Pictures with short captions:
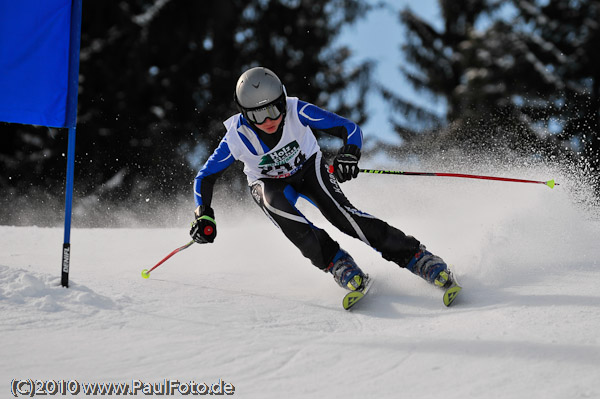 Kreiscup Weilheim-Schongau 2010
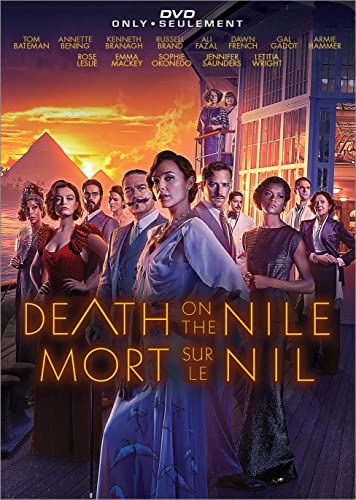 DEATH ON THE NILE (FEATURE) (BILINGUAL)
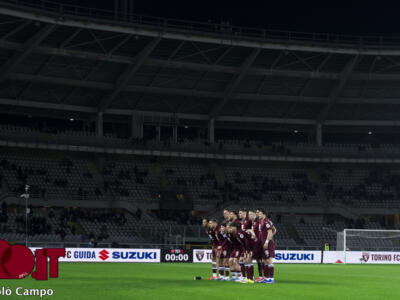 Torino-Verona, continua lo sciopero del tifo organizzato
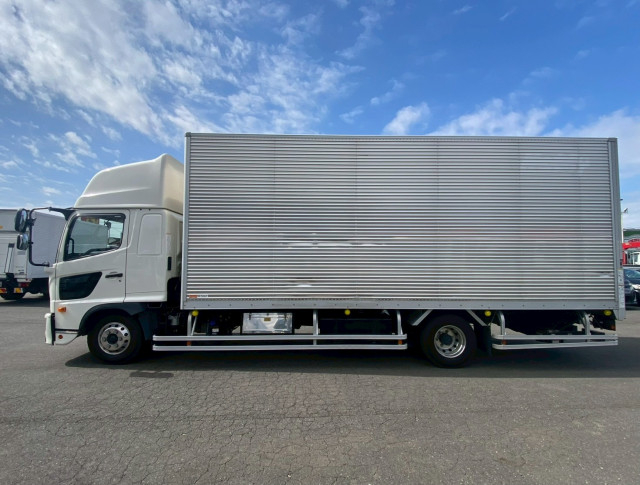 日野 レンジャー 中型 バン 2PG-FD2ABG(103292) 16枚目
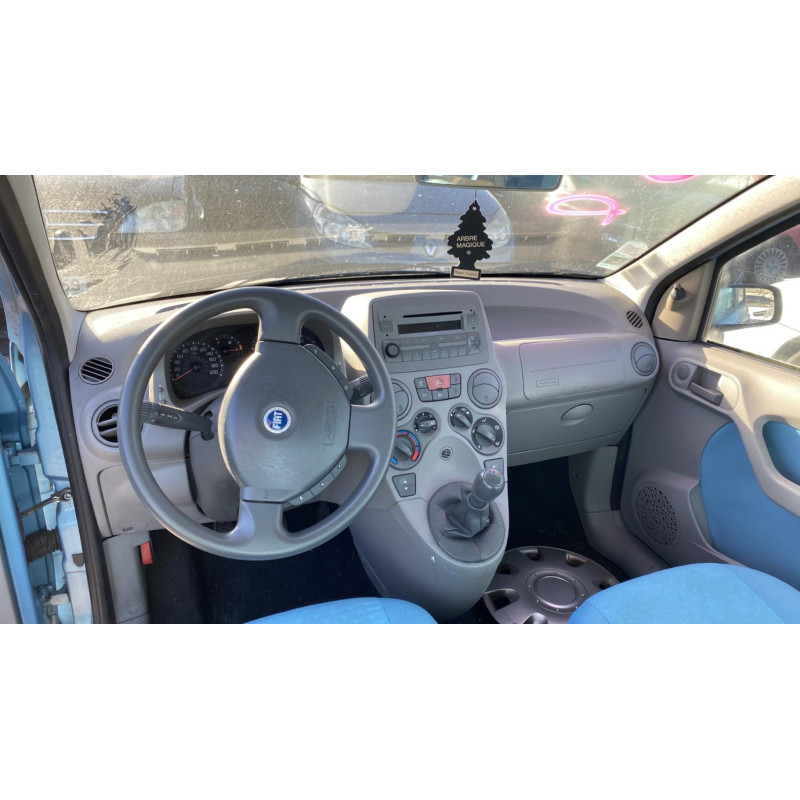 Poignee porte avant droit FIAT PANDA 2 Photo n°7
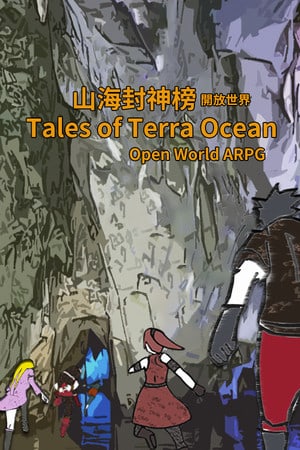 Tales of Terra Ocean Open World ARPG [Demo (Steam)] (2022) PC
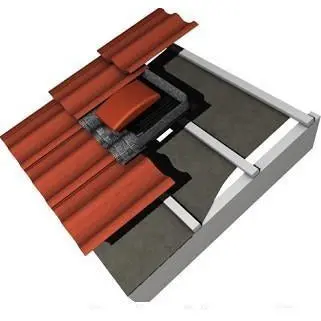 Marley Universal Interlocking Tile Vent 1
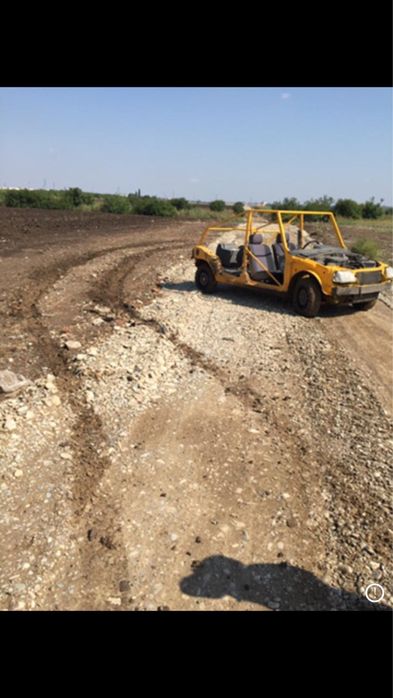 Buggy homemade/masina câmp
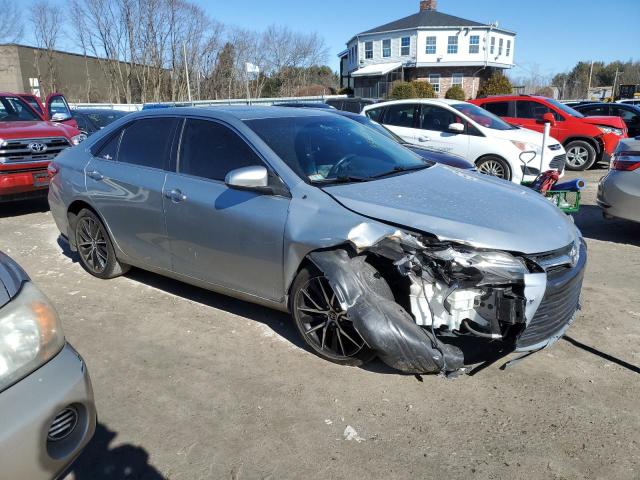 4T1BF1FK5FU954617 - 2015 TOYOTA CAMRY LE SILVER photo 4
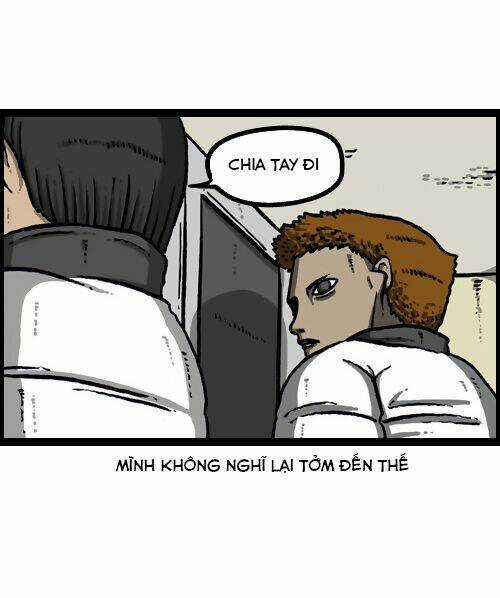 Tiếng Gọi Con Tim Chapter 65 trang 21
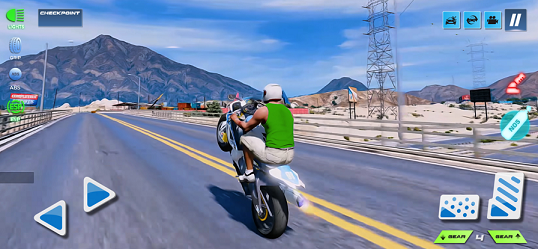 自行车赛车模拟器2022最新版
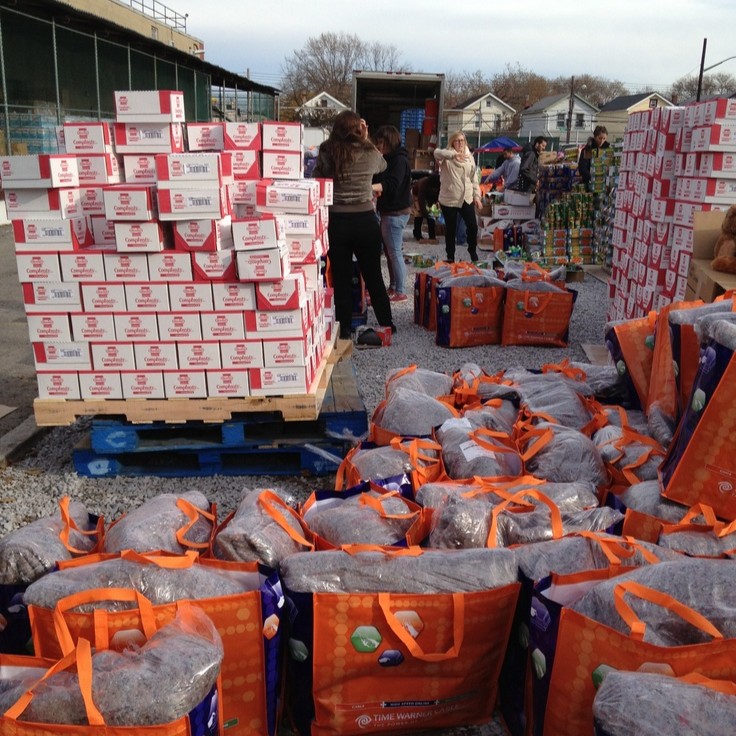 Emergency Relief Aid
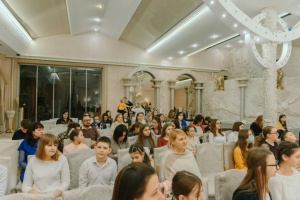 (ФОТО/ВИДЕО) Церемония награждения в рамках Конкурса рисунков и эссе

Task brief -
Could you set down every record above exactly as written, leaving out the pictures?

Exercise answer -
 Kreiscup Weilheim-Schongau 2010
 DEATH ON THE NILE (FEATURE) (BILINGUAL)
 Torino-Verona, continua lo sciopero del tifo organizzato
 日野 レンジャー 中型 バン 2PG-FD2ABG(103292) 16枚目
 Poignee porte avant droit FIAT PANDA 2 Photo n°7
 Tales of Terra Ocean Open World ARPG [Demo (Steam)] (2022) PC
 Marley Universal Interlocking Tile Vent 1
 Buggy homemade/masina câmp
 4T1BF1FK5FU954617 - 2015 TOYOTA CAMRY LE SILVER photo 4
 Tiếng Gọi Con Tim Chapter 65 trang 21
 自行车赛车模拟器2022最新版
 Emergency Relief Aid
 (ФОТО/ВИДЕО) Церемония награждения в рамках Конкурса рисунков и эссе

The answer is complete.